Abstract

Benzidine has been marked as a priority chemical on the National Priorities List by the U.S. Environmental Protection Agency because of its carcinogenic nature. Benzidine sorbs to the sediment matrix after entering water-sediment ecosystems and undergoes at least three different fate processes, including cation exchange, hydrophobic partitioning, and covalent binding. Sediment samples taken from Lake Macatawa (MI, USA) were used after drying and grinding treatments in this study. Sorption experiments were conducted in the buffered deionized water-sediment slurries with a pH range of approximately 3 to 7. Experimental results indicated that low pH conditions (e.g., pH 3.2) favored sorption of benzidine onto sediment, where a large proportion of benzidine species protonated and sorbed predominantly through the fast cation exchange process. Sorption kinetics data suggested that reactions between protons and carbonate components residing in the sediment matrices led to a shift of sorption mechanisms from cation exchange to hydrophobic partitioning, covalent binding, or both when the slurry pH increased from 3 to 7. A sorption mechanism-based model is presented to describe benzidine sorption behavior in the sediment-water systems at different pH values. This model comprises three components mathematically: the linear hydrophobic partitioning, Langmuir-type covalent binding, and quadratic cation exchange.
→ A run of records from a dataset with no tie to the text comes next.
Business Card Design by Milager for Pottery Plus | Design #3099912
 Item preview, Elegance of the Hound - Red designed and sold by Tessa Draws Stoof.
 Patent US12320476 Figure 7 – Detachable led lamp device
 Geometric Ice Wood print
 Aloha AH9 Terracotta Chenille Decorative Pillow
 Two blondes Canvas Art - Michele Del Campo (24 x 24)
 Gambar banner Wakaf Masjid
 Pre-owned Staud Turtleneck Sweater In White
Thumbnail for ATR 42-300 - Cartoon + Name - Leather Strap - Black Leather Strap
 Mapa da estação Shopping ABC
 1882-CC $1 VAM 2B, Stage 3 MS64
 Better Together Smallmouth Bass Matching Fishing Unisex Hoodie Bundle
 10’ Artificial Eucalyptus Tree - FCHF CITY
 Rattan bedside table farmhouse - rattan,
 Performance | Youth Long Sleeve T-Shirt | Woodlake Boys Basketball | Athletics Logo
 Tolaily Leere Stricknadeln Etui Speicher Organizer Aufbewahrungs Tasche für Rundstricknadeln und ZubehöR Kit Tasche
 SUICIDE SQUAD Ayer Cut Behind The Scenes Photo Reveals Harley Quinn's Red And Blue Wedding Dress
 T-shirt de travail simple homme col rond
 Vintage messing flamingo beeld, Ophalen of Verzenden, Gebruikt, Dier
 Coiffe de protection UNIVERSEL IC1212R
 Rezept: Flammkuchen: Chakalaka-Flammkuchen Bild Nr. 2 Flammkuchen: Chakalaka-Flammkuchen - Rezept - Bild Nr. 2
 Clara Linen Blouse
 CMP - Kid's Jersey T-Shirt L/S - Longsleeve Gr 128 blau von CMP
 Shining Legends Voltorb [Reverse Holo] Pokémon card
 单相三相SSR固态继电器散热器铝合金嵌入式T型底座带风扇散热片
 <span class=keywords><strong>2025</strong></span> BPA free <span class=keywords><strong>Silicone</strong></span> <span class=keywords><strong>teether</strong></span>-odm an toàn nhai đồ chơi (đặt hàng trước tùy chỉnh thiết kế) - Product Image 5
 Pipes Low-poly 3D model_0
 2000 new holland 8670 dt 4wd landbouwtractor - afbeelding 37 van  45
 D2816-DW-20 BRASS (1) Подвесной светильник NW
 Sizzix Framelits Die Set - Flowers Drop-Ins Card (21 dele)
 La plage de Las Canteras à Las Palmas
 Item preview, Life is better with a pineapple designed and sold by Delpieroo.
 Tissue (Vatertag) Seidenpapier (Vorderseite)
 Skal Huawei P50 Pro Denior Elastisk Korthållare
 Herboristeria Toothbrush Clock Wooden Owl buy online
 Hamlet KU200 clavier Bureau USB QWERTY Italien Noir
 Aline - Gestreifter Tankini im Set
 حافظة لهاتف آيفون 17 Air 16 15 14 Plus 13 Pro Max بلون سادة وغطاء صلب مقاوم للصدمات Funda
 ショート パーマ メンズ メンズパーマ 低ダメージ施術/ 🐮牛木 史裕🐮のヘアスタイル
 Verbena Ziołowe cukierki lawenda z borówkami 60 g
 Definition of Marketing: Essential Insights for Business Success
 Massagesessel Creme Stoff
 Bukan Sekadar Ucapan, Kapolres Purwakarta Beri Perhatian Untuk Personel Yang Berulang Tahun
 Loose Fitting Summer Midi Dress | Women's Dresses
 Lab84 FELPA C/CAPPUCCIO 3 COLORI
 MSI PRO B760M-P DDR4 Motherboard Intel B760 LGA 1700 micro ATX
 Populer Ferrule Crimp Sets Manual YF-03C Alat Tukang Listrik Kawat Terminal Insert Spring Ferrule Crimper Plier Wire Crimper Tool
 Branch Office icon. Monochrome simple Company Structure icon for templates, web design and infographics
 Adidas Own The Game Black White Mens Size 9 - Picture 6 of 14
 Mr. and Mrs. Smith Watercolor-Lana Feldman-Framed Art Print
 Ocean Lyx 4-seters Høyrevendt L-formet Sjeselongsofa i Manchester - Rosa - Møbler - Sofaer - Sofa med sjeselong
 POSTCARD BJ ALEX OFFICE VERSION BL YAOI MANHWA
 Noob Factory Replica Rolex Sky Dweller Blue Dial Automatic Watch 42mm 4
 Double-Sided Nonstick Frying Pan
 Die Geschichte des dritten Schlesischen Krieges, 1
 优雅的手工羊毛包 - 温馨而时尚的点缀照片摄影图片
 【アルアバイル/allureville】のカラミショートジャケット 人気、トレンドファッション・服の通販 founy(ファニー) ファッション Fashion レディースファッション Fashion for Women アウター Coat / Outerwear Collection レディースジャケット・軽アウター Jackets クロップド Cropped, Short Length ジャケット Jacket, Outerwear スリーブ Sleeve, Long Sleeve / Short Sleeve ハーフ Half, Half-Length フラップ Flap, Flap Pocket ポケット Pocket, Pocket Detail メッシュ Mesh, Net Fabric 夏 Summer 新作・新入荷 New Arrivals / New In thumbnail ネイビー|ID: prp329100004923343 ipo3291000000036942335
On the basis of nonlinear regression, this model fits the experimental data well. The organic carbon-normalized distribution coefficient value calculated from this model (1,914 L/kg at pH 6.9), and the available covalent binding sites in the sediment matrices were 27 to 52 mmol/kg organic carbon in the pH range of 5.0 to 6.9. The predicted model parameters are in good agreement with the reported literature values. By this model, the individual contribution from each sorption mechanism can be quantified with a wide pH range (e.g., from pH 3 to 7). This model strategy could provide an alternative way to predict the complex sorption processes of aromatic amines containing one or two amino groups in the aqueous-sediment environment.